Like and He and Cigarettes

I had to pause the other day when I read a sentence similar to this one: She, like he, enjoys a good movie. That seems to be constructed correctly: she enjoys a movie and so does he. Two subjects, both in the correct form as subjects (she and he, not her and him)—what’s there not to like? The like.

This example involves a long-standing feud over the word like, standardly a preposition, but often employed in more casual diction as a conjunction. Those of us of a certain age will remember a popular advertising campaign for a cigarette which tasted good like a cigarette should. The prescriptionists said the preposition like should be the conjunction as, and the descriptionists said the prescriptionists lived too far from the real world—and probably didn’t smoke either. If we let those neighbors quarrel on as they will, there’s still something to learn about sentence construction in understanding just what all the yelling over the fence was and is about.

Prepositions and conjunctions are two kinds of connectives, words whose function it is to bring other words into meaningful association. A preposition is followed by a noun or pronoun, a conjunction by an entire clause. A preposition, in other words, will have a noun or pronoun as its object, and the two thereby form what is called a prepositional phrase. Importantly, moreover, the object of a preposition must be in the objective case. A conjunction, on the other hand, will introduce a subject and verb working together to make another assertion, which is to say that a conjunction is followed not by a noun or pronoun, but by a clause. And although grammar does not usually refer to the object of a conjunction, that is effectively how a clause functions after its conjunction.

So how apply all that theory to our example? Let’s do a quick analysis. In the sentence She, like he, enjoys a good movie, we have only one verb, enjoys, and so we can see the division between subject and predicate fairly easily: She, like he, | enjoys a good movie. That helps us isolate the subject phrase to the left side of the vertical bar, and an examination of that phrase reveals that the subject is she: that pronoun is both in the correct position for a positive declarative sentence and in the correct form, the nominative case she instead of the object case her. Subjects are (almost) always in the nominative case.

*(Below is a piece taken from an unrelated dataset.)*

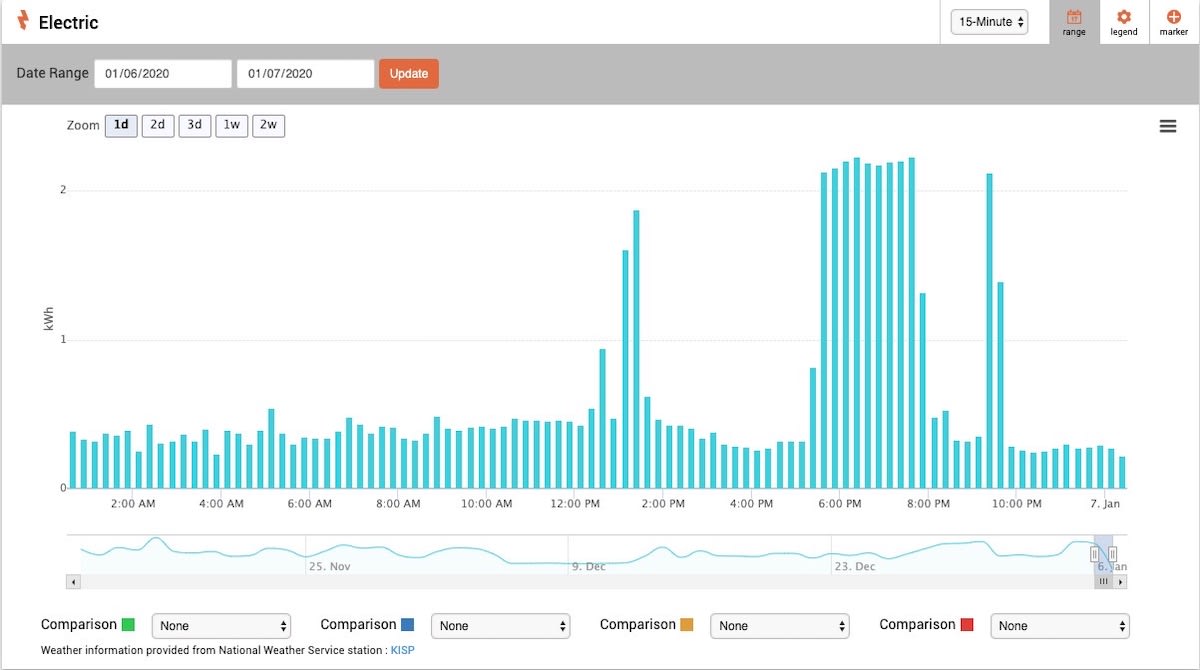 Power Company Near Real Time Usage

Now comes the smoke and fire. If we stand with the traditional rules of grammar and sign on with the prescriptionists, we will conclude that like is a preposition and therefore must have its object in the objective case him instead of the nominative case he. Thus: She, like him, enjoys a good movie. Our ear might not agree, but our ear is much too sophisticated an instrument to discern matters of logic. Logic follows rules, and the rules say that like is a preposition and the object of a preposition is in the objective case. And that’s that.

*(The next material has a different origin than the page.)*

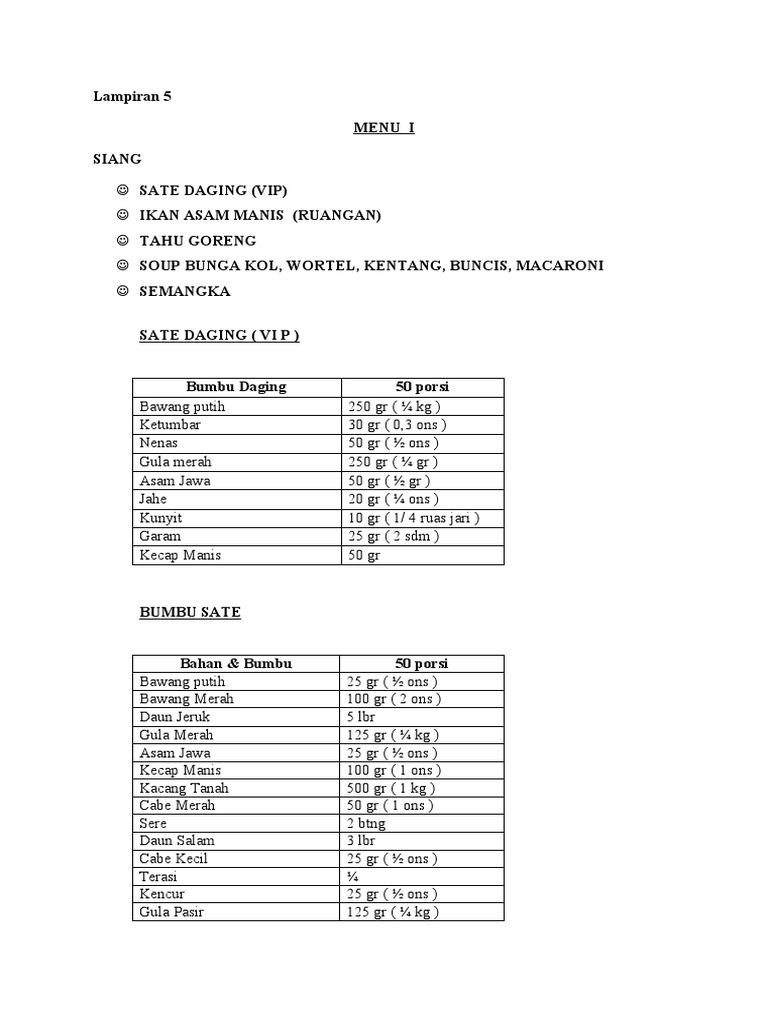 Menu Makanan Lengkap dan Resep | PDF | Cooking | Food Ingredients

And on the principle that in art things have their place, that harmony depends on order and order on function (a classical principle if there ever was one), it’s going to be difficult to disagree with the prescriptionists. But we don’t have to be martinets about it. If the writer were to object that she, like him, enjoys a good movie sounds pretentious and too correct, many other possibilities exist: both she and he enjoy a good movie, she and he both enjoy a good movie, she enjoys a good movie, and he does too.

All of which is to observe that good form, with all its rules, is meant, ironically, not to say no, but to say yes—to make other possibilities possible when we think imaginatively beyond a requirement.